This study aims to recommend a revision in the United States grand strategy from hegemony to a ‘balancing’ strategy to reduce the risk of strategic rivalry with China turning into a full-blown war.
Anubhav S. Goswami, Doctoral Scholar, Jindal School of International Affairs, O.P. Jindal Global University, Sonipat, Haryana, India.
China’s vastly increased economic and military might has alarmed the United States about sustaining its relative power in the world. Observing the growing influence of Beijing in the international world order, experts of ‘great power competition’ are now asking: What will be the reaction of the United States once China achieves parity or even comes close to achieving parity with Washington?

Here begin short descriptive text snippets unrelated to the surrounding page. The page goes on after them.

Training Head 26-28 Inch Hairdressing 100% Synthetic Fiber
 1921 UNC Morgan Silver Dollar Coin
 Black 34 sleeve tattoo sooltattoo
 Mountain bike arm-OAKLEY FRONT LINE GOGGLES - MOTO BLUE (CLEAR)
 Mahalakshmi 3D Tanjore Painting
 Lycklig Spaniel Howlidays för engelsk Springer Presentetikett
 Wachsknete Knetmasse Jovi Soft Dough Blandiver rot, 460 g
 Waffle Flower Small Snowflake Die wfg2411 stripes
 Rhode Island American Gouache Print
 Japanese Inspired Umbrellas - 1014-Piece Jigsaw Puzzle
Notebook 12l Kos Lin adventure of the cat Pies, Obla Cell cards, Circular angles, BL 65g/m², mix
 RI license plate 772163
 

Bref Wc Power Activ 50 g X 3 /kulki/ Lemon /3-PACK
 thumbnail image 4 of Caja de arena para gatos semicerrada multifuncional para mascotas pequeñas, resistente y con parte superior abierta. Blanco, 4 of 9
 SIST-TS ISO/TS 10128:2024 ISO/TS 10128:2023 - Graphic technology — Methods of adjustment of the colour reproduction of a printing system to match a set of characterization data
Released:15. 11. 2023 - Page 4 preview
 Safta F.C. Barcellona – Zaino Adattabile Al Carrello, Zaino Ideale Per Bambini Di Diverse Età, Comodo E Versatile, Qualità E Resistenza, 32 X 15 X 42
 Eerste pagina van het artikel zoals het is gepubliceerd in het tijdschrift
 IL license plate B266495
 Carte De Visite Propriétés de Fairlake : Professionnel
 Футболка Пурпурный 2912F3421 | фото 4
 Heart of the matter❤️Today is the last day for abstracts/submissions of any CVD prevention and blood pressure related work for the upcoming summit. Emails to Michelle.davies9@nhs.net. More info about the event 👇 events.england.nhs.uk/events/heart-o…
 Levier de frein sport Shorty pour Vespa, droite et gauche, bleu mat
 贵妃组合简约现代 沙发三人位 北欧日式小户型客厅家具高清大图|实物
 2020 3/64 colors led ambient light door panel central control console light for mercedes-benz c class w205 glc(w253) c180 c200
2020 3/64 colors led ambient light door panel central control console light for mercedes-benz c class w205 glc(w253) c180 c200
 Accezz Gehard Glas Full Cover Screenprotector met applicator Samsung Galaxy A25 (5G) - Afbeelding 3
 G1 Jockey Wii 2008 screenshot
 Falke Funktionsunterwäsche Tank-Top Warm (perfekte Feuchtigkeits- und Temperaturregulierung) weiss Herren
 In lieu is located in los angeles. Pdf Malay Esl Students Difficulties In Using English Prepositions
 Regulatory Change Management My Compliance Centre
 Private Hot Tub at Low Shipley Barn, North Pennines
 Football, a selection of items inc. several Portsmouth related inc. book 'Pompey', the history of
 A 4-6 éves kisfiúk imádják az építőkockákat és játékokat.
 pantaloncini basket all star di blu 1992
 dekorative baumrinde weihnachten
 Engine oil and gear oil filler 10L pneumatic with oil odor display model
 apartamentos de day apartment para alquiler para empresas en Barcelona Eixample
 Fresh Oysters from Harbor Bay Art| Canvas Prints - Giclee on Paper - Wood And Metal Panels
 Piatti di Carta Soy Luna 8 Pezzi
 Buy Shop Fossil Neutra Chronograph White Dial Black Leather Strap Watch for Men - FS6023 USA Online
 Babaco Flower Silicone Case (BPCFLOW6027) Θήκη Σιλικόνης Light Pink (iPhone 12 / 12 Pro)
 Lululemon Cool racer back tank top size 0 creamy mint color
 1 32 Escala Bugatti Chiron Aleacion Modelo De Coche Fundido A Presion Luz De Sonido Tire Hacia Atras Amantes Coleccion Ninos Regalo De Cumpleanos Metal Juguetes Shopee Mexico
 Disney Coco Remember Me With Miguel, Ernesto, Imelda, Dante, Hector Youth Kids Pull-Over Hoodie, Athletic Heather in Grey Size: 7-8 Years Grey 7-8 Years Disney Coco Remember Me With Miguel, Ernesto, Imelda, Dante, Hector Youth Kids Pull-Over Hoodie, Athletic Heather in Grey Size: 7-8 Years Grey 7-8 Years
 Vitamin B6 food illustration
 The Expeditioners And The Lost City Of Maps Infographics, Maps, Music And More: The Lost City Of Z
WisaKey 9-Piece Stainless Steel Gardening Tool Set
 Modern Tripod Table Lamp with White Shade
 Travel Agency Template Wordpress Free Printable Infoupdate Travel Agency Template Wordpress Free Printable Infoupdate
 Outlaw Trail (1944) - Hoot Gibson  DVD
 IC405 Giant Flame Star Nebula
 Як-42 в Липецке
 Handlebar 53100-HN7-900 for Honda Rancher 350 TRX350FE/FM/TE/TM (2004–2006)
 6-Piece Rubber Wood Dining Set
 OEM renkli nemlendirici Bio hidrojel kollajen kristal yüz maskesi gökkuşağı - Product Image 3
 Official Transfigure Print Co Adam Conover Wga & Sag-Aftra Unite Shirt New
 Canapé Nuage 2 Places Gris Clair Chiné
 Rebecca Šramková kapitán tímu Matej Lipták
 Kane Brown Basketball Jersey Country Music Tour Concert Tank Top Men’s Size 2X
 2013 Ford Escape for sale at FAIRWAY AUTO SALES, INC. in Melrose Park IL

As could be expected from its nature, the question has generated sharp polarising viewpoints but none has spawned more interest and controversy than Harvard Professor Graham T. Allison’s ‘Thucydides’ Trap’ discourse which argues that China’s spectacular rise could lead to a violent yet avoidable war with the United States along the lines of previous conflicts between a ruling power and a rising power.
This study describes that if the United States continues to pursue its hegemonic grand strategy, it will accelerate the conflict which might trigger the Thucydides’ trap with China.
The aim and objective of this study is to recommend a revision in the United States grand strategy from hegemony to a ‘balancing’ strategy to reduce the risk of strategic rivalry with China turning into a full-blown war.